残念な夫。
フジテレビ
水曜 22:00~
タイトルにはまず惹かれる。「。」が意味もなく付いているのは(だいぶ古びた手法とはいえ)現代的だし、この「残念な」の使い方もまた、流行語の類いである。もとをただせばナントカ侍の「残念!!」ぐらいから広く使われ始めただろうか。それが「いわゆる『残念!!』な」人とか物とかいうように形容動詞化した。「残念」という心的な動きがそのまま修飾語になったわけだ。
この現代的用法の「残念な」には二重の意味合いが含まれているようだ。それはすなわち「惜しい」という意味合いと「問題外」という意味合いの双方である。実態としては、対象の客観的評価としては「問題外」、しかし個人的な主観としてはそれを「惜しい」と思ってはいるよ、というニュアンスを伝える言葉になっている。要するに、体よく馬鹿にするための言葉である。
そうであるならば、期待されるドラマとしては、この他人のそこはかとない意地悪な視線を踏まえたものにならないだろうか。タイトルを聞いた瞬間、たとえば同級生の夫をそう呼ばわる女たちの話を思い浮かべる。それは決して新機軸というわけではないが、ある程度の数字はとれるものだ。
実際には、ドラマのテーマはさらに新しさに欠けるものではあった。興味深くないわけではないが、「子供を産んで大変になった妻の苦労を実感できない夫」という構図に終始するなら、少なくとも子供とか赤ん坊とかを連想させるタイトルでなくてはならないのではないか。
つまりドラマのタイトルに惹かれた視聴者と、ドラマの内容に共感することを期待できる層との間に乖離があるように思えるのだ。子育てについてこられない夫は「子育てについてこられない夫」なのであって、一般的な「残念な夫」ではない。そのあたりが観ていて腑に落ちない。
そして何も流行におもねるようなタイトルを付けなくたって、子育てについてこられない夫について憤懣やる方ない視聴者、共感する層は存在する。しかし、こういうタイトルを付けてしまったことで、そのテーマに本腰で取り組む姿勢が損なわれたように思える。
子育てについてこられない夫に憤懣やる方ない女性たちの関心を取り込むなら、その切実さをもっと丁寧にすくい取らなくてはなるまい。無理解な夫は憎々しく映らなくてはならないし、そうでなければ離婚がどうこうという話には、そもそもなるまい。呑気で子供っぽい、憎めない亭主という意味で「残念」というのなら当の女房が一番、笑って済ませたいと願っているはずなのだ。
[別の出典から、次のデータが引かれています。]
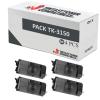Compatível Pack 4x Kyocera TK-3150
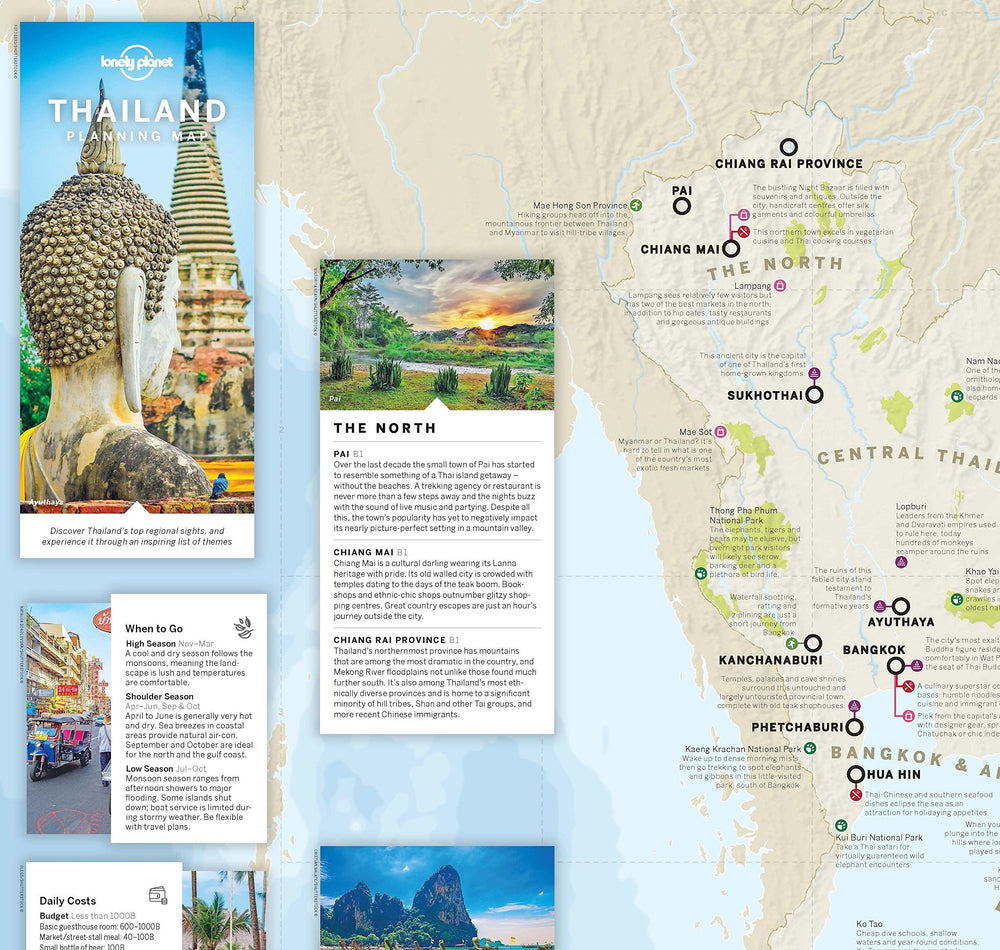 Carte de voyage (en anglais) - Thailand | Lonely Planet carte pliée Lonely Planet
この亭主の側の立場から、家庭内の立ち位置の変化に戸惑う姿を描くならば、何もかも子供中心、子供のためと言えばすべてが通る子育てテロルの価値観に対する異議申し立てがもっと説得力をもってされてもいい。「残念」なのは夫だけなのか。そこまで子供をタテにしようとするのは、妻にも理由はないのか。と、突き詰めれば、「やっぱり二人で子供を育てたい」と元のサヤにおさまるなんて最終回はあり得ないか。